Toda esta región es de una gran belleza, y si Aubusson me ha resultado precioso, Peyrat-le-Château no le va ni mucho menos a la zaga, en su estilo bastante más rural: situado junto a un idílico lago, todas las casas son viejas construcciones en piedra, madera y teja; hay un antiguo molino, con su canal de roñosas compuertas de hierro, la hiedra trepando por los muros, junto a unos gruesos y añosos robles, sobre una pina ladera por donde el agua se quiebra en pequeñas cascadas; las ovejas y las cabras, retozando por la verde pendiente, completan un romántico cuadro, propio de una postal navideña o de las bucólicas acuarelas y óleos del s. XIX.

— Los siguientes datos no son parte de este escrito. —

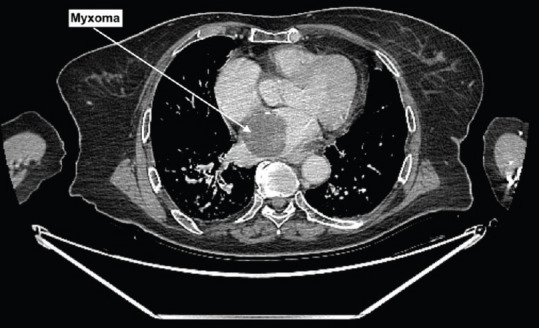 Asymptomatic Left Atrial Myxoma.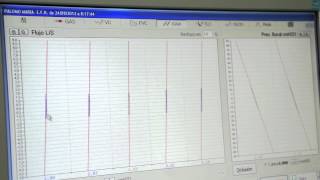 Volúmenes Pulmonares por Pletismografía corporal Prueba [upl. by Nitsed]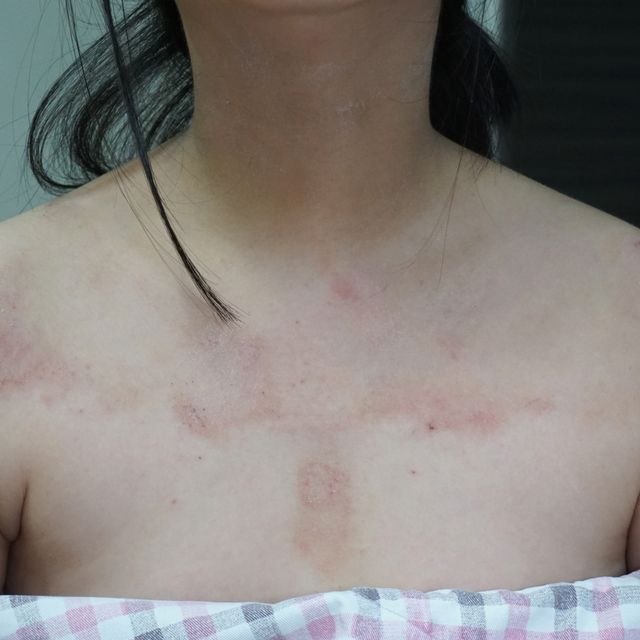 분당 아토피 치료 전 · 12세 여성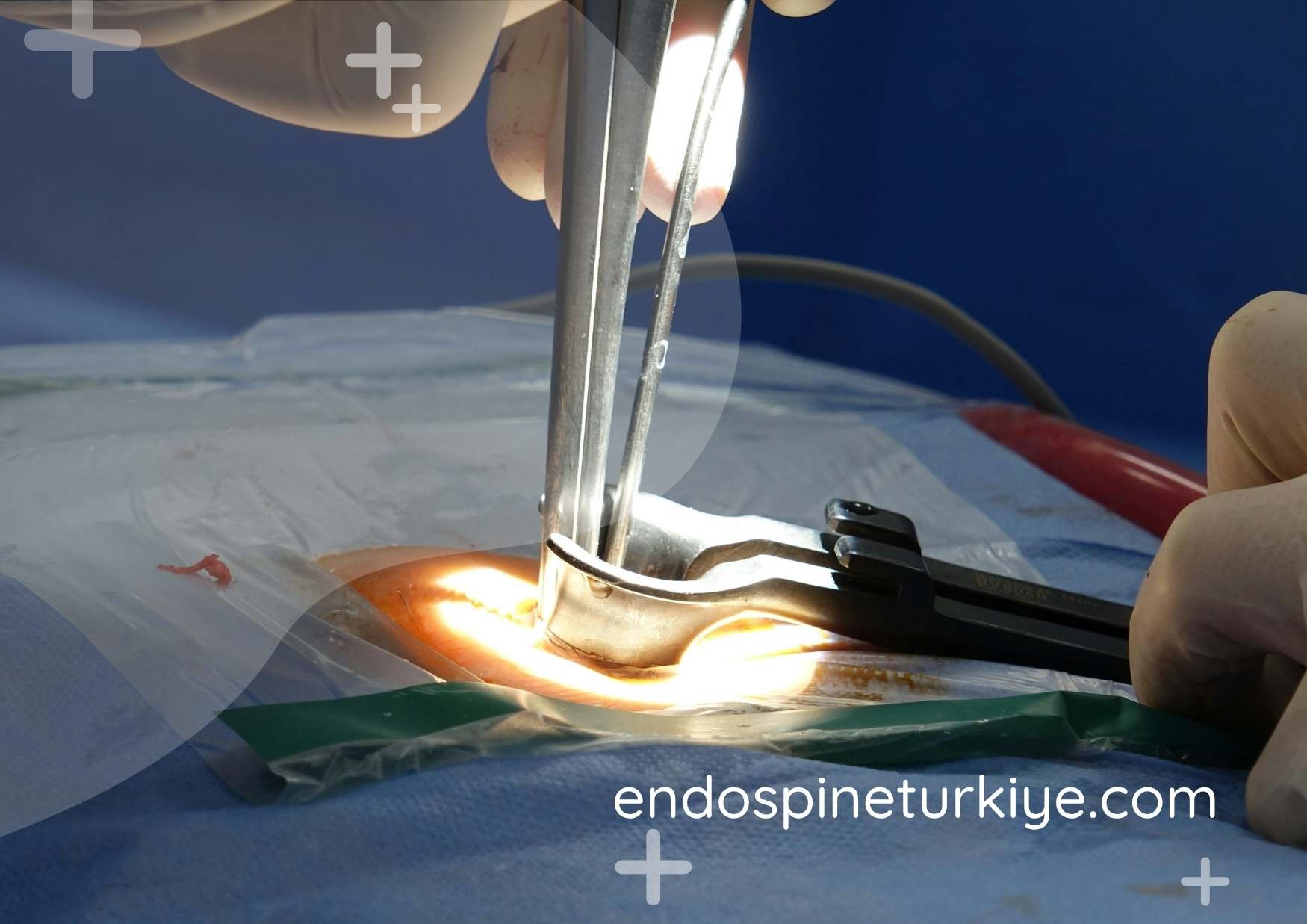 Dar Kanal Ameliyatı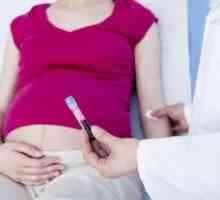 Norma fibrinogen tijekom trudnoće, a izaziva protein abnormalnosti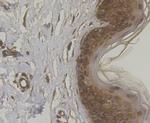 Cytokeratin 5 Antibody in Immunohistochemistry (Paraffin) (IHC (P))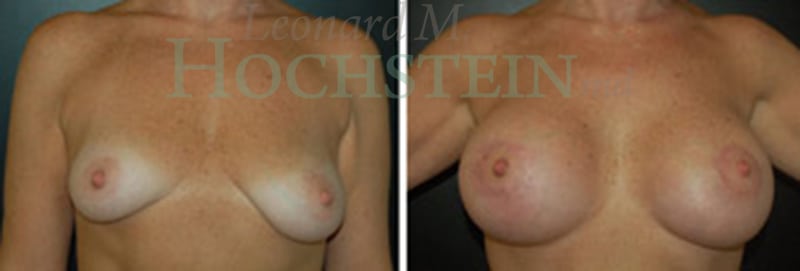 Breast Lift With Implants Patient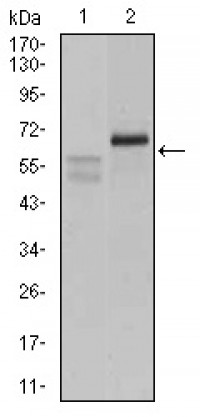 CA9 Primary Antibody MP30545 [M7C4A5]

Como aún me sobra luz, me acerco con la moto para darme por una caminata por el lago La Maulde, una preciosa zona de recreo con varias rutas de senderismo. Escojo una corta, de siete u ocho quilómetros, que recorre la isla Vassivière, a la que se accede por un istmo artificial. El día va quedándose igual que amaneció: magnífico, templado, los cúmulos que se desarrollaron a mediodía se disipan sin lluvia y dejan paso a unos fotogénicos cirros y a un atardecer ideal para disfrutar de un paseo campestre por estos parajes tan impresionantes. No creo estar exagerando si digo que Peyrat-le-Château me parece, verdaderamente, un trozo de paraíso.